Vekil Edenin Zarar Görmesi:
Vekâletin kötüye kullanılmasının diğer unsuru, vekilin gerçekleştirdiği eylem veya işlem nedeniyle vekilin zarara uğramasıdır. Vekilin zararı maddi veya manevi nitelikte olabilir ve bu bağlamda vekilin eylemi her iki türde zararı birlikte de sonuçlayabilir. Vekilin, vekil edenin iktisadi menfaatlerine aykırı biçimde bir hasmı lehine kazandırıcı bir işlemde bulunması durumunda, vekil eden bakımından maddi bir zararın yanında manevi bir zarar da mevcut olabilecektir.

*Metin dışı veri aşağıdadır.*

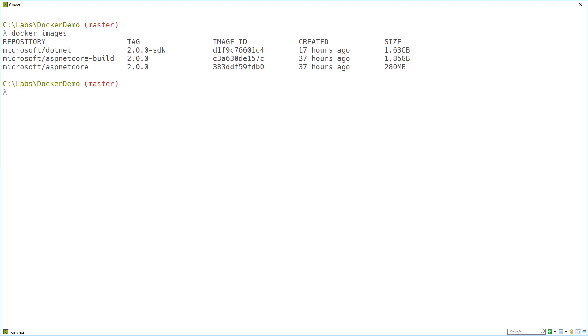So the ASP.NET Core build image has got lots of SDK things. And it's also got Node.js installed inside there in case you want to run webpack or something as part of your build. ASP.NET Core has just got the files you need to actually run the application. So it's much smaller, which is what you want for an image that you're going to be pushing into production.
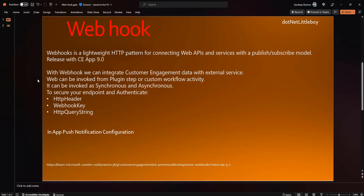Hello everyone, in this video we will talk about what is webhook, how to configure it, and we will see one demo example. Webhook is a lightweight HTTP pattern for connecting web APIs and services with the publish and subscribe model. The publish-subscribe model is similar to YouTube channels where we subscribe to a channel, and whenever the content creator publishes a video, we get notifications.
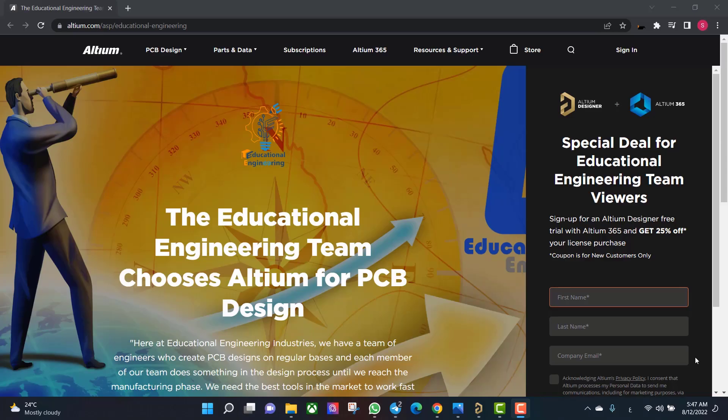Get a free copy of Altium software using the link provided in this video description. When you sign up for an Altium Designer free trial, you will get Altium 365 and a 25% off discount.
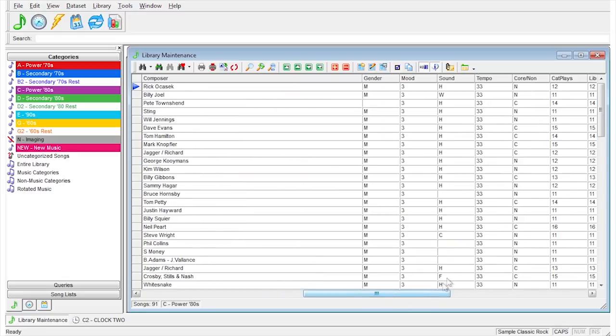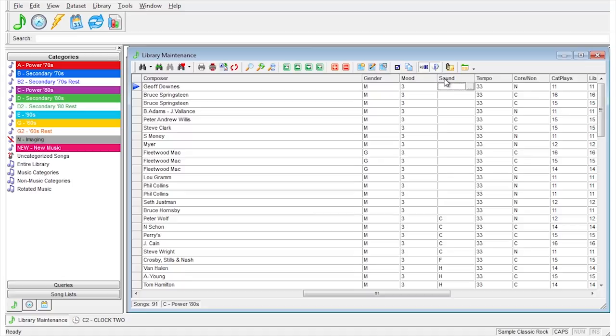For instance, you can see that some songs have sound codes while others don't. When I click on the sound code column, songs with no sound code are at the top while the songs with sound codes appear at the bottom.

Vekilin tutumuyla müvekkiline verdiği zararın kayda değer bir boyuta ulaşması gereklidir. İlke olarak müvekkil bakımından büyük bir önem arz etmeyen veya vekâletin ifasından makul surette beklenebilecek yararı ölçüsüz bir biçimde zedelemeyen eksikliklerin vekâletin kötüye kullanılmasının varlığı için yeterli olmayacağı kabul edilebilecektir.
Yargıtay, taşınmaz üzerindeki payları dilediği bedelle satma yetkisine sahip olan vekilin yaptığı bir satışta vekâletin kötüye kullanıldığı iddiasını, satım bedeli ile bilirkişi raporlarında ilgili paylara biçilen değer arasında “aşırı bir oransızlık” bulunmadığı gerekçesiyle reddetmiştir.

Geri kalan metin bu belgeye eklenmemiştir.